For those who missed it, here's the seven days teaser from last year:



And last years thread.

- - - - - - -

*'Several Days'*

For those who don't know, Waverunner Audio is a one-man operation, sampling, editing, coding, designing, website n all. I may have set the bar a little high for 2018's releases... so to take the edge off this years commitment, welcome to 'Several Days' 2020. Seven sample libraries released over several days these coming... weeks... or so.


I thought I'd share the process with you here so you can get an idea for what goes on behind the scenes to what I consider hand-craft these libraries in the case it may be interesting to someone, and perhaps help you in your own development journey. Not particularly flashy, getting into the nitty-gritty, but hopefully insightful in a good way. So, what's the current situation, and what's to come...

- - - - - - -

*I N S T R U M E N T S*​

Release schedule to be determined and will be somewhat organic. 0/7 libraries currently ready for release (!)

*1 NAH Piano*: recorded April 2019 at Nottingham Albert Hall (Robin Hood country). 60% complete

*2 Solo Tuba*: recorded November 2018 at super secret location, London (same space as 2 French Horns). 70% complete

*3 Pan Drums*: recorded November 2019 at home studio, London. 50% complete

*4 CJ Mirra Juno Essentials 1*: recorded November 2019 at CJ Mirra's personal studio, London. 85% complete

*5 Ross' Guitar*: 50%.

*6 Bass* *Guitar*: 50%

*7 Solo Voice: Sarah* - to be recorded, still trying to get a date nailed down with Sarah so also a little bit TBC.

- - - - - - -

*ENTRY 1*​For all those recorded, sample editing is still to be completed. To do this, I use Reaper. The sessions are not done to click except the tuba where I'll have the click in my ear and conduct the player. Though sampling to click can save huge amounts of time with editing, I find click (where tempo isn't needed) to get in the way and rush things along where I'd like to be focused on the performance and allow space to consider the take, making any voice notes along the way on why something may be repeated. Each sample is then edited individually in Reaper, the start position and the end position and fade if needed, with the start position being set by the closest mic if there are multiple mics, to allow for the natural delay of the space. Pretty much all editing of the samples is done in Reaper. The main exception are the start points of the legato transitions where each one is individually set in Kontakt.

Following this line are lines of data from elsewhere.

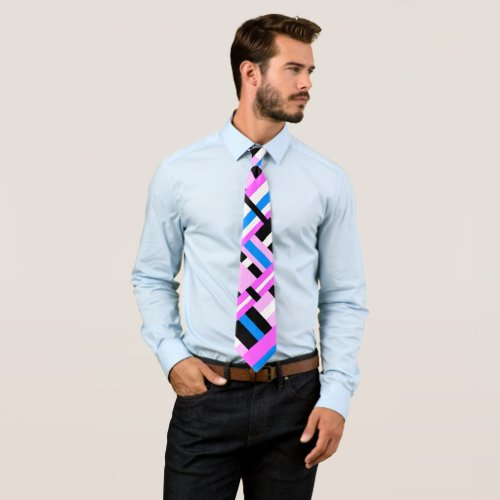 Plaid in Pink  Blue Modern Pattern Neck Tie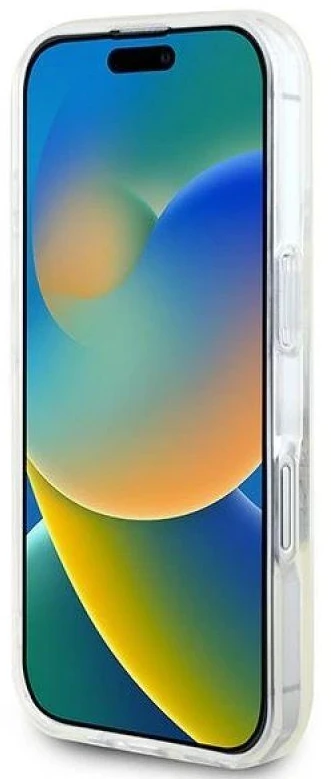 Guess GUHMP16MHFWFCT Apple iPhone 16 Plus 6.7″ skaidrus kietas dėklas IML Flowers Wreath MagSaf
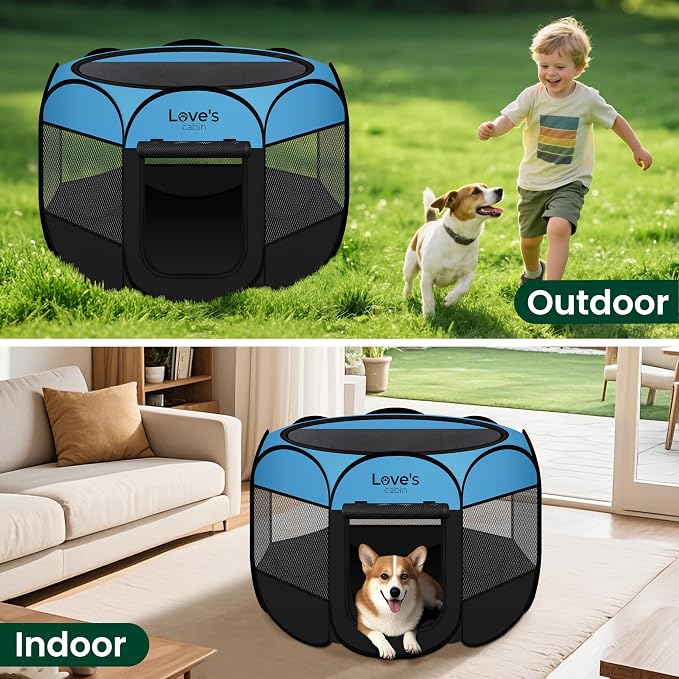 Love's cabin Pet Puppy Dog Playpen, Small Dog Tent Crates Cage Indoor/Outdoor - Image 5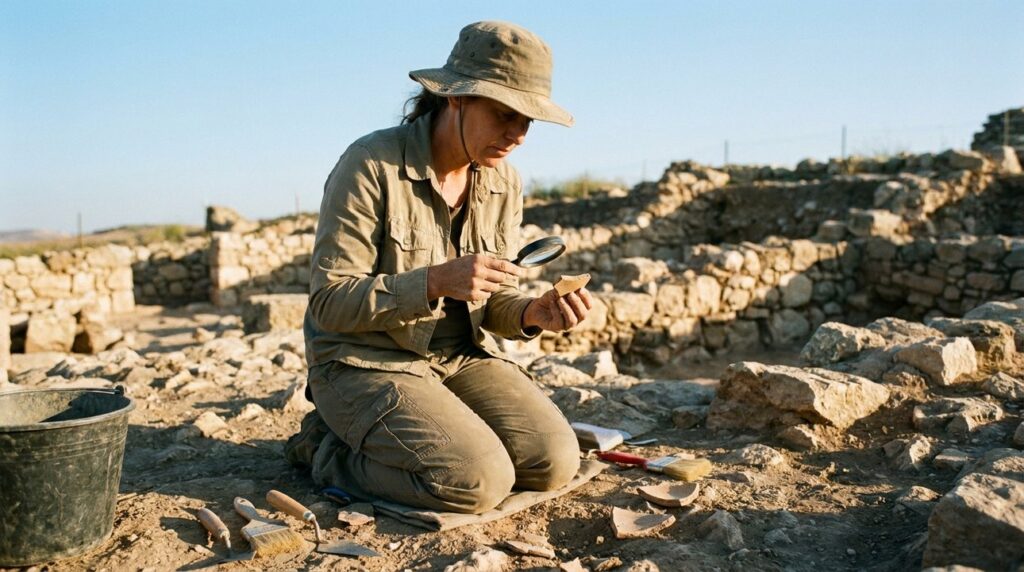Israeli archaeologist examines artifacts at Sokoh in morning light.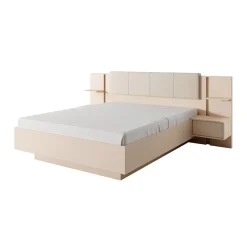 Garnero Arredamenti Letti Matrimoniali|Letti Matrimoniali-Letto matrimoniale 160x200cm contenitore con comodini beige Jolly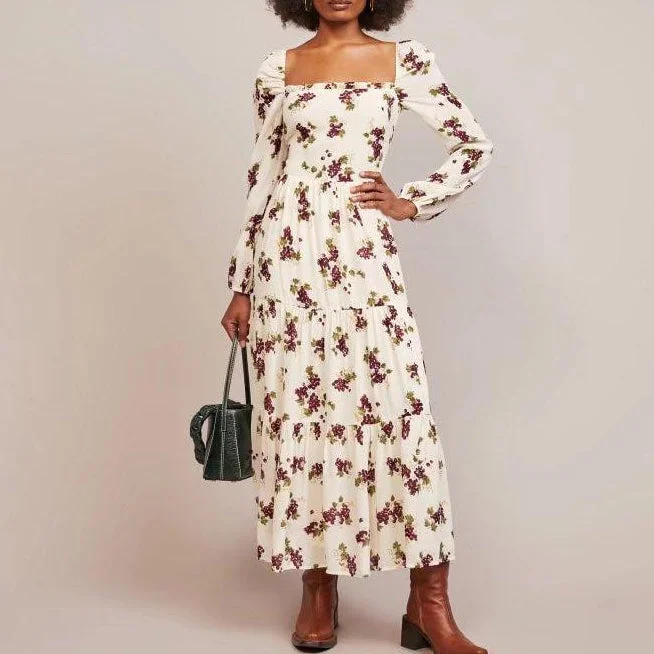 Spring Women Square Collar Printed Long Sleeve Dress Maxi Dress Casual Maxi Dress with Pockets Spring Women Square Collar Printed Long Sleeve Dress Maxi Dress Casual Maxi Dress with Pockets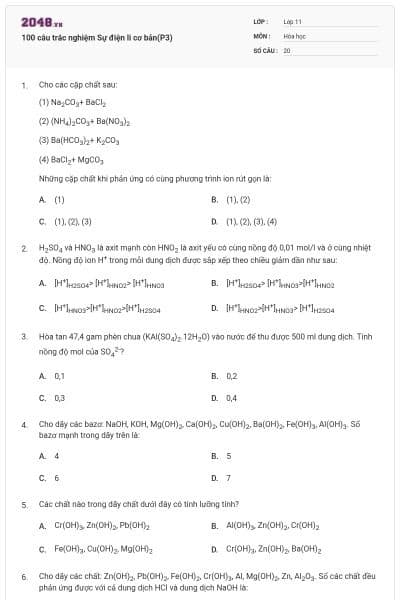 100 câu trắc nghiệm Sự điện li cơ bản(P3)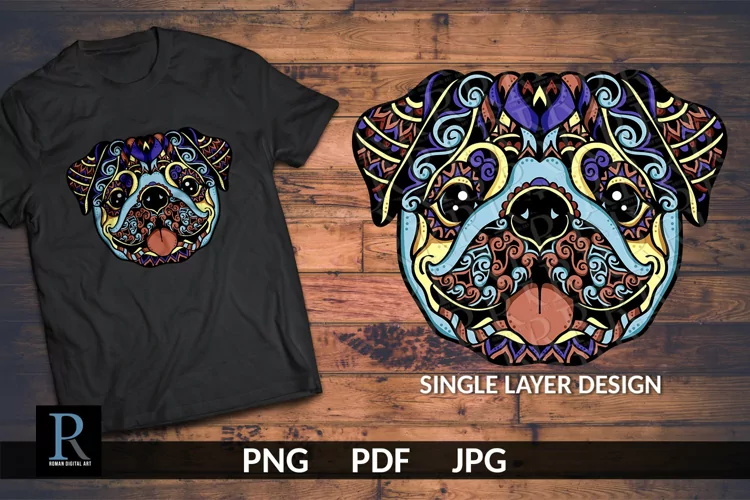 Pug Sublimation PNG file, Sublimation clipart design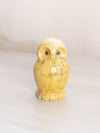 Vintage Small Yellow Alabaster Stone Owl Figurine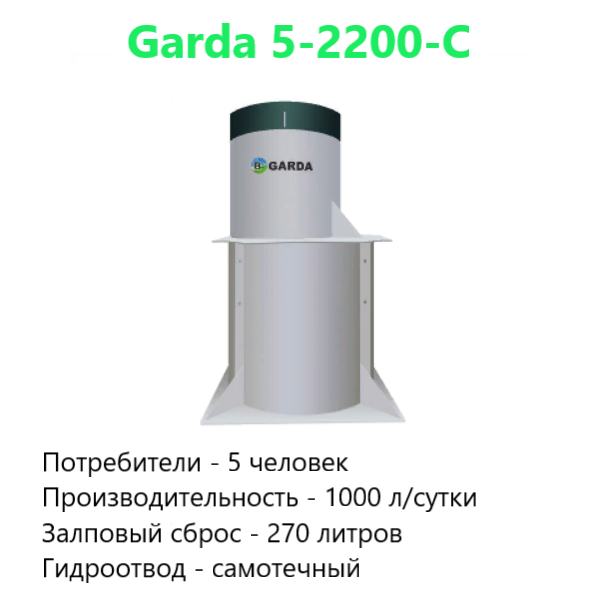 Автономная канализация Garda-5-2200-С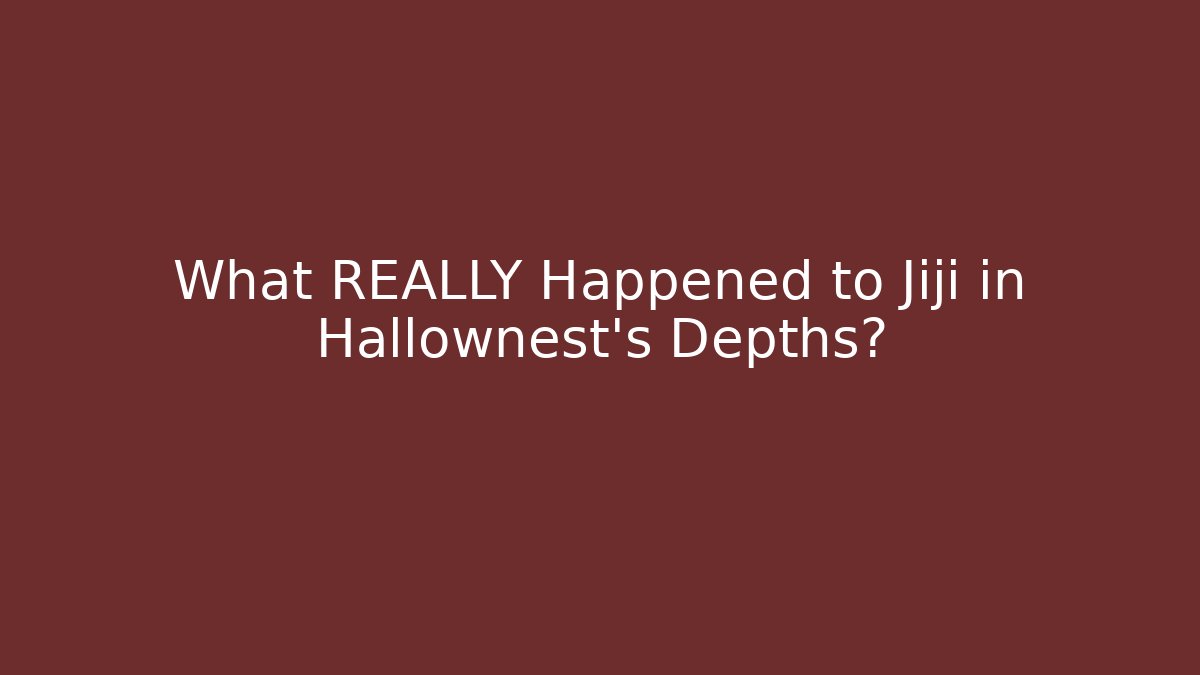 What REALLY Happened to Jiji in Hallownest's Depths?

There's no getting around the need to listen to every sample, for me anyway. Though it takes up considerable time initially, it means anything exported from Reaper is solid, and once it's done, it's done. Some samples will be exported and won't make the final cut, sometimes you just don't know until it's in the sampler (in this case Kontakt) and the context of being performed. Occasionally, through the thousands upon thousands of samples, something might get through, so I'm thinking about implementing a system that makes identifying such an offending note easy for the user, more on that later. The system is set up to be easily able to go into the sample session at any given stage to make amendments as needs be, so much is down to file structure and essentially digital archiving.

- - - - - - -

*FAQs*​This year's libraries are being developed for Kontakt 5.8.1 and will require the full version. By Autumn 2020 the Seven Days range will be ported to the upcoming Waverunner Audio plugin available for free. Updates will continue for both platforms.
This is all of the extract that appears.